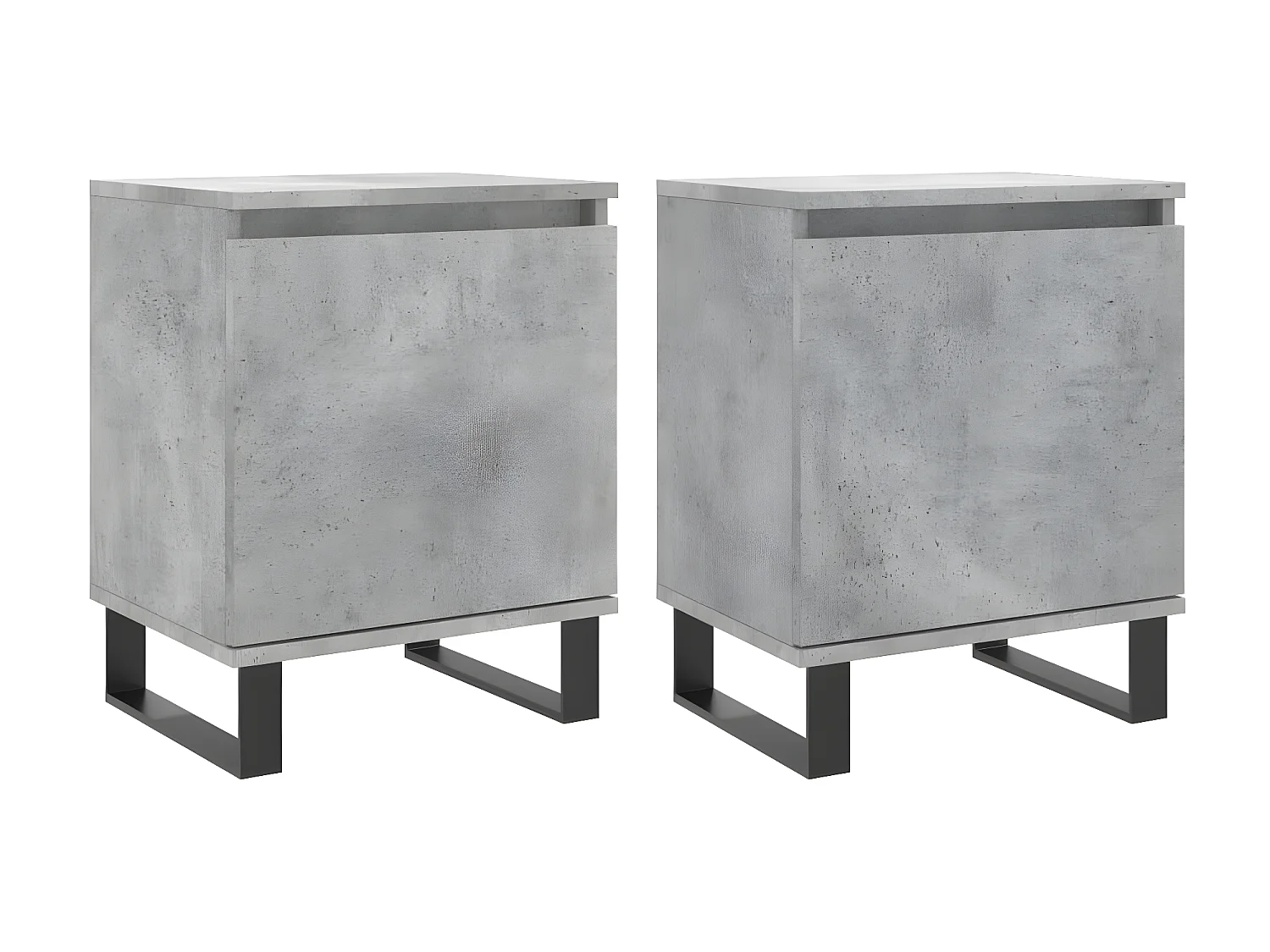 Lot de 2 Tables de chevet gris béton 40x30x50 cm bois d'ingénierie WVGQ1291
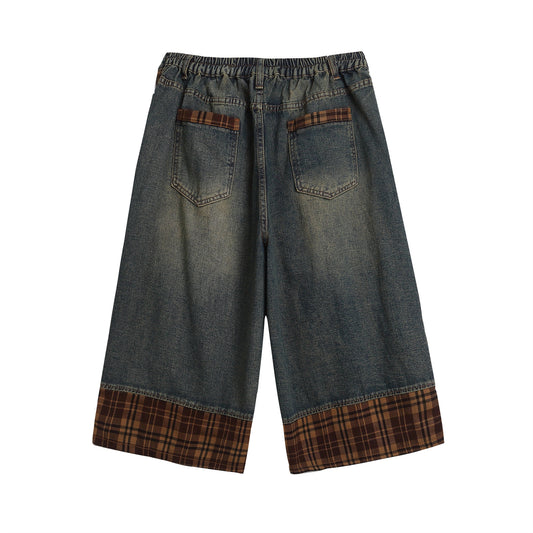 Retro Washed Patchwork Three-Quarter Pants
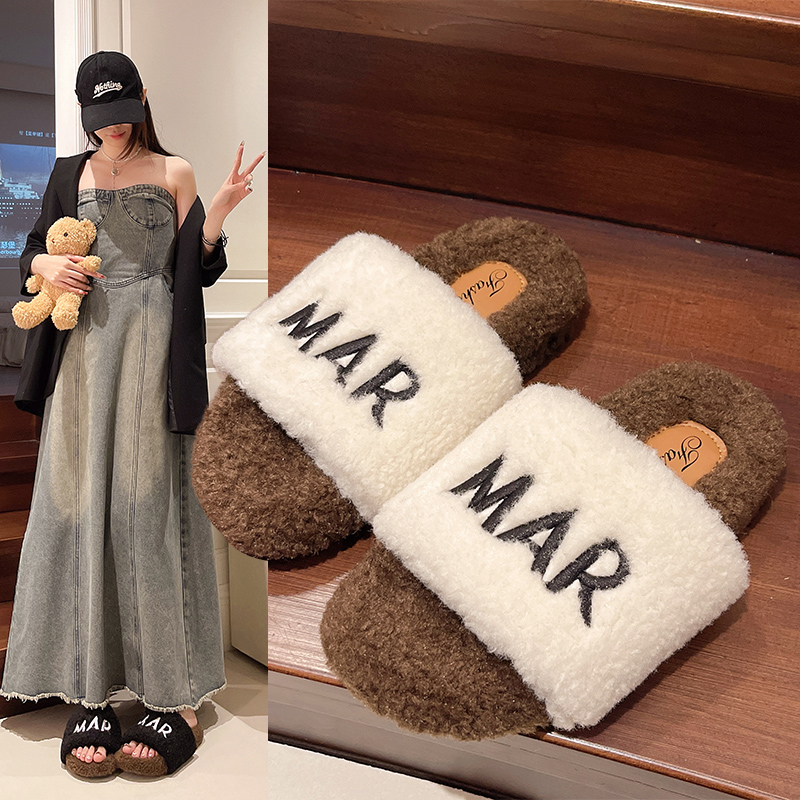 毛毛拖鞋女款2025新款秋冬季外穿时尚百搭加绒保暖一字拖棉拖鞋女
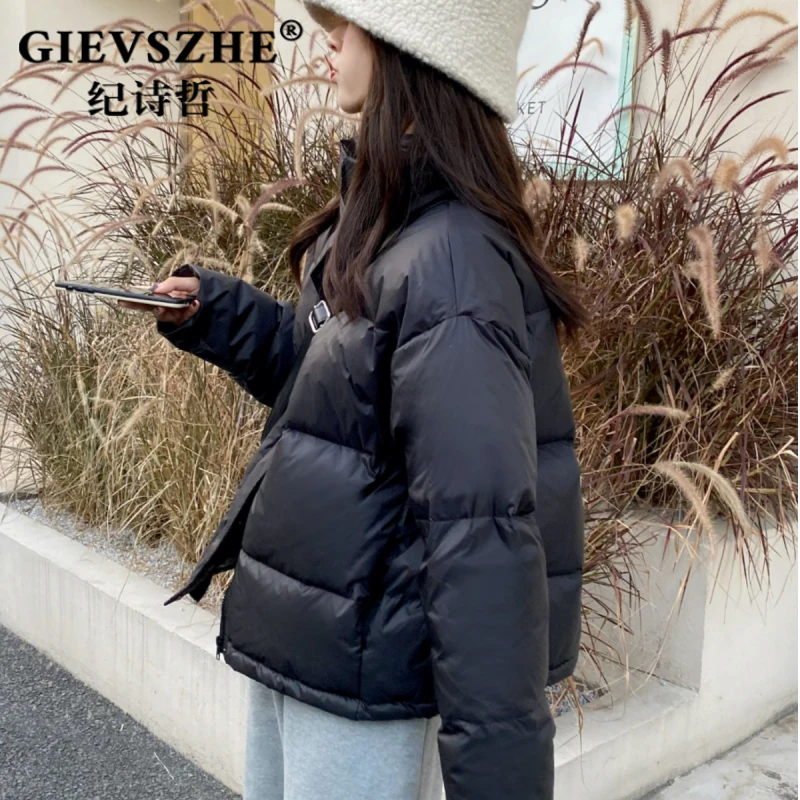 纪诗哲短款黑色羽绒服冬季2025新款小个子立领免洗白鸭绒加厚外套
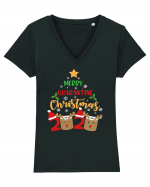 Merry Quarantine Christmas Tricou mânecă scurtă guler V Damă Evoker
◆ ◆ ◆ ◆
* _Work item_: Your reply should restate every entry exactly, with the pictures left out.

* _Answer_:
 Lot de 2 Tables de chevet gris béton 40x30x50 cm bois d'ingénierie WVGQ1291
 Retro Washed Patchwork Three-Quarter Pants
 毛毛拖鞋女款2025新款秋冬季外穿时尚百搭加绒保暖一字拖棉拖鞋女
 纪诗哲短款黑色羽绒服冬季2025新款小个子立领免洗白鸭绒加厚外套
 Merry Quarantine Christmas Tricou mânecă scurtă guler V Damă Evoker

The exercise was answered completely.